The pharmacological treatment of patients with an
eating disorder (ED) often includes medications to treat their ED, comorbid mental health problems,
malnutrition and the physical health problems resulting from it. The currently approved pharmacological treatment options for EDs are limited to
fluoxetine for
bulimia nervosa (BN) and - in some countries -
lisdexamfetamine for
binge eating disorder (BED). Thus, there are no approved pharmacological options for
anorexia nervosa (AN), even though study results for
olanzapine and
dronabinol are promising.
Topiramate might be an additional future option for the treatment of BN and BED.

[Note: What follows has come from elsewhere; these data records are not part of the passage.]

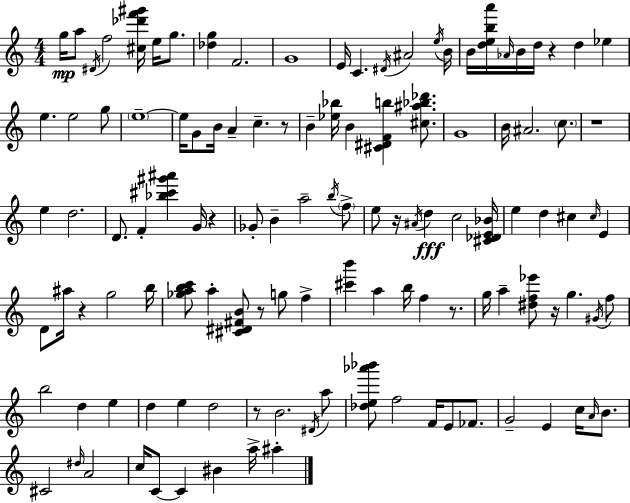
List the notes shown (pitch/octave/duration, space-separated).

G5/s A5/e D#4/s F5/h [C#5,Db6,F6,G#6]/s E5/s G5/e. [Db5,G5]/q F4/h. G4/w E4/s C4/q. D#4/s A#4/h E5/s B4/s B4/s [D5,E5,B5,A6]/s Ab4/s B4/s D5/s R/q D5/q Eb5/q E5/q. E5/h G5/e E5/w E5/s G4/e B4/s A4/q C5/q. R/e B4/q [Eb5,Bb5]/s B4/q [C#4,D#4,F4,B5]/q [C#5,A#5,Bb5,Db6]/e. G4/w B4/s A#4/h. C5/e. R/w E5/q D5/h. D4/e. F4/q [Bb5,C#6,G#6,A#6]/q G4/s R/q Gb4/e B4/q A5/h B5/s F5/e E5/e R/s A#4/s D5/q C5/h [C#4,Db4,E4,Bb4]/s E5/q D5/q C#5/q C#5/s E4/q D4/e A#5/s R/q G5/h B5/s [Gb5,A5,B5,C6]/e A5/q [C#4,D#4,F#4,B4]/e R/e G5/e F5/q [C#6,B6]/q A5/q B5/s F5/q R/e. G5/s A5/q [D#5,F5,Eb6]/e R/s G5/q. G#4/s F5/e B5/h D5/q E5/q D5/q E5/q D5/h R/e B4/h. D#4/s A5/e [Db5,E5,Ab6,Bb6]/e F5/h F4/s E4/e FES4/e. G4/h E4/q C5/s A4/s B4/e. C#4/h D#5/s A4/h C5/s C4/e C4/q BIS4/q A5/s A#5/q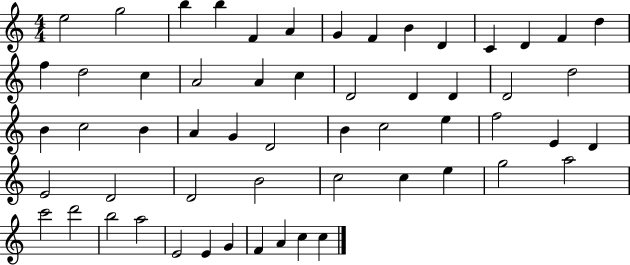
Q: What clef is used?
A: treble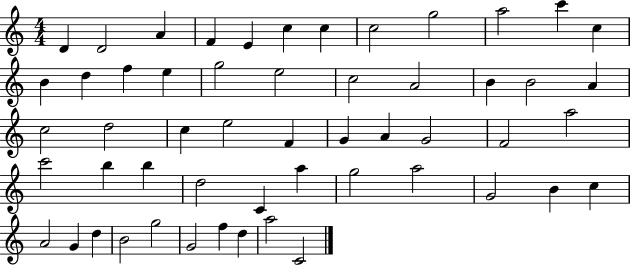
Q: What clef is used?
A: treble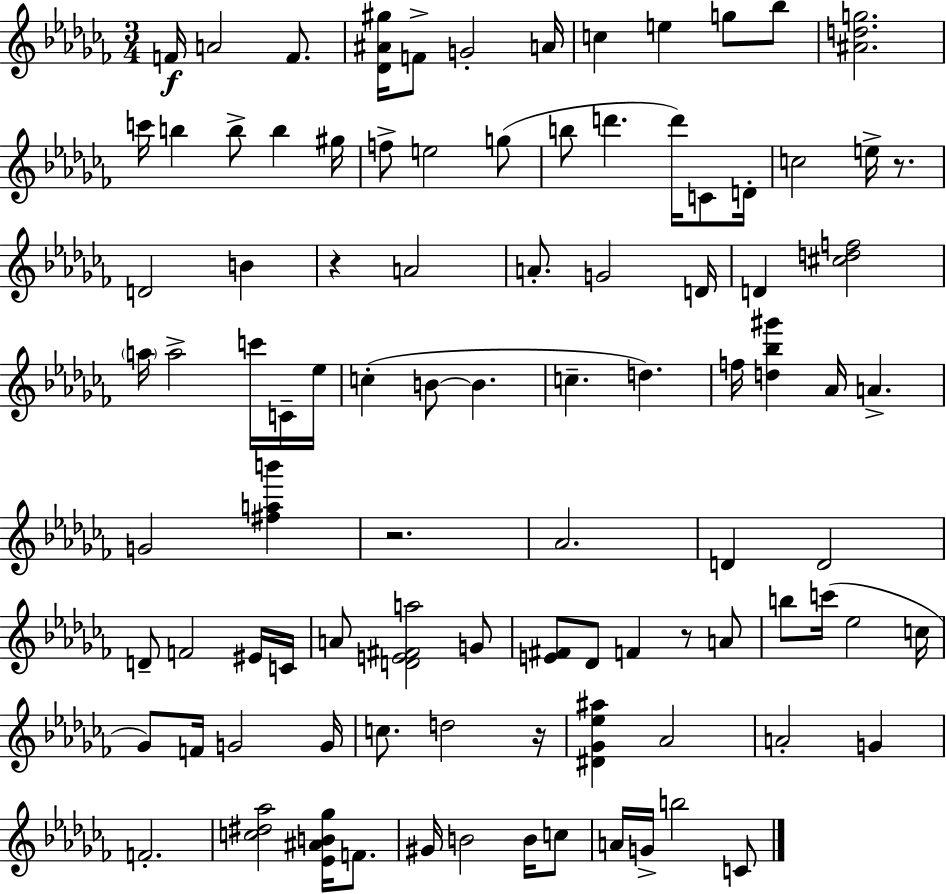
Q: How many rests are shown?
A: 5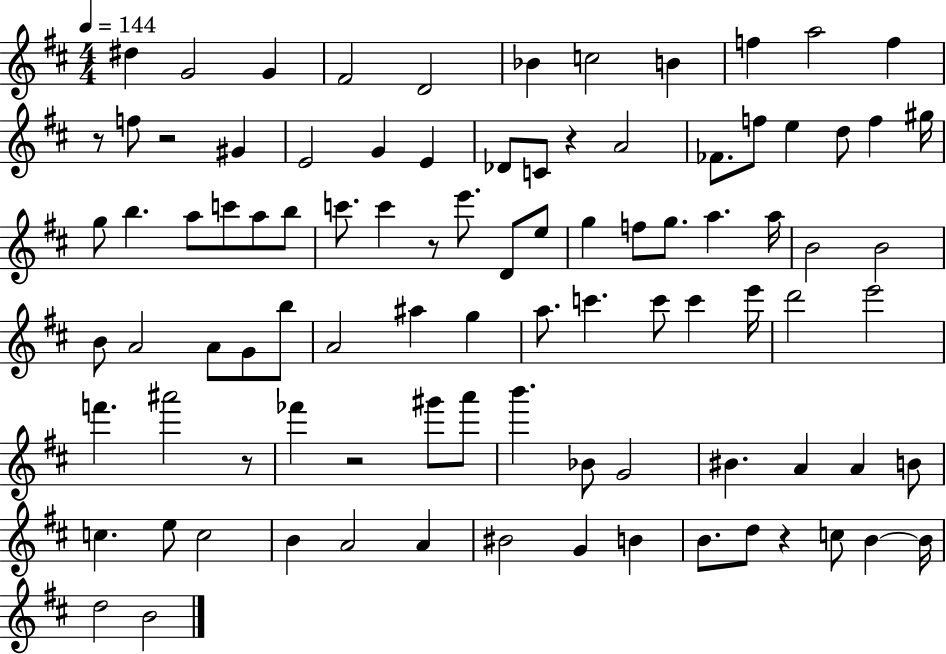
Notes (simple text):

D#5/q G4/h G4/q F#4/h D4/h Bb4/q C5/h B4/q F5/q A5/h F5/q R/e F5/e R/h G#4/q E4/h G4/q E4/q Db4/e C4/e R/q A4/h FES4/e. F5/e E5/q D5/e F5/q G#5/s G5/e B5/q. A5/e C6/e A5/e B5/e C6/e. C6/q R/e E6/e. D4/e E5/e G5/q F5/e G5/e. A5/q. A5/s B4/h B4/h B4/e A4/h A4/e G4/e B5/e A4/h A#5/q G5/q A5/e. C6/q. C6/e C6/q E6/s D6/h E6/h F6/q. A#6/h R/e FES6/q R/h G#6/e A6/e B6/q. Bb4/e G4/h BIS4/q. A4/q A4/q B4/e C5/q. E5/e C5/h B4/q A4/h A4/q BIS4/h G4/q B4/q B4/e. D5/e R/q C5/e B4/q B4/s D5/h B4/h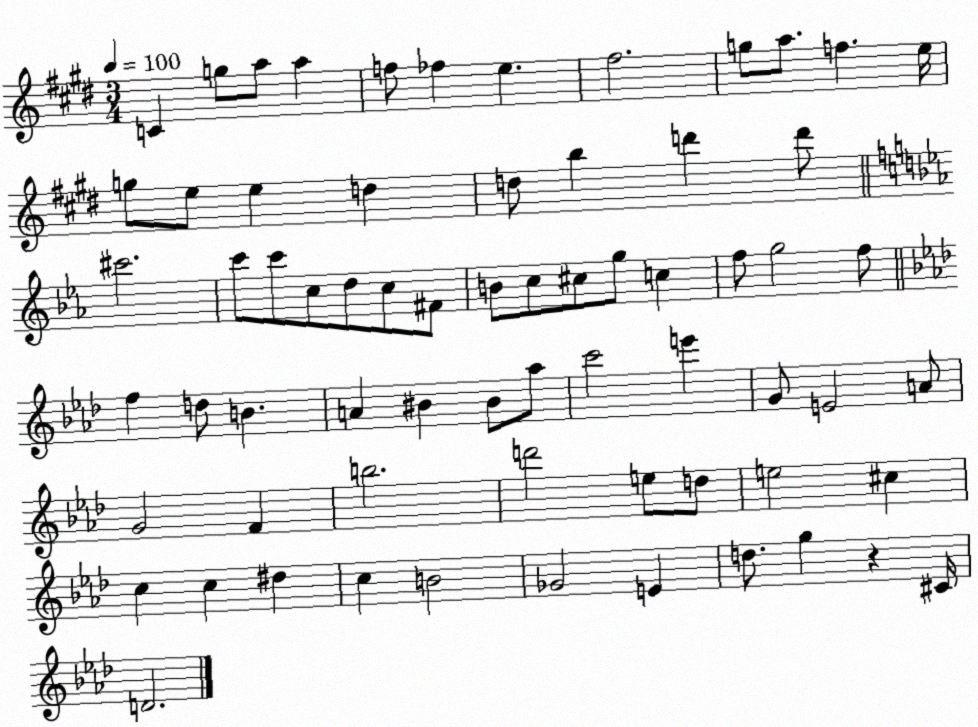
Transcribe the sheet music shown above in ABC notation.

X:1
T:Untitled
M:3/4
L:1/4
K:E
C g/2 a/2 a f/2 _f e ^f2 g/2 a/2 f e/4 g/2 e/2 e d d/2 b d' d'/2 ^c'2 c'/2 c'/2 c/2 d/2 c/2 ^F/2 B/2 c/2 ^c/2 g/2 c f/2 g2 f/2 f d/2 B A ^B ^B/2 _a/2 c'2 e' G/2 E2 A/2 G2 F b2 d'2 e/2 d/2 e2 ^c c c ^d c B2 _G2 E d/2 g z ^C/4 D2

Selective serotonin reuptake inhibitors (SSRI),
mirtazapine and
bupropion could be considered for the treatment of comorbid
unipolar depression. However, AN and BN are
contraindications for
bupropion. For ED patients with a
manic episode, we recommend
olanzapine in AN and
risperidone in BN and BED; whereas for
bipolar depression,
olanzapine (plus
fluoxetine) seems appropriate in AN and
lamotrigine in BN and BED. Acute anxiety or suicidality may warrant
benzodiazepine treatment with
lorazepam.
Proton-pump inhibitors, gastroprokinetic drugs, laxatives and
hormones can alleviate certain physical health problems caused by EDs. Therapeutic drug monitoring, pharmacogenomic testing, a more restrictive use of "pro re
nata" (PRN) medication, an interdisciplinary treatment approach, shared decision making (
SDM) and the formulation of common treatment goals by the patients, their family or carers and clinicians could improve treatment success and safety. Novel genetic, immunological, microbiome and brain imaging research as well as new pharmacological developments like the use of
psychedelics, stimulants, novel monoaminergic drugs,
hormone analogues and drugs which enhance the effects of psychotherapy may extend our therapeutic options in the near future.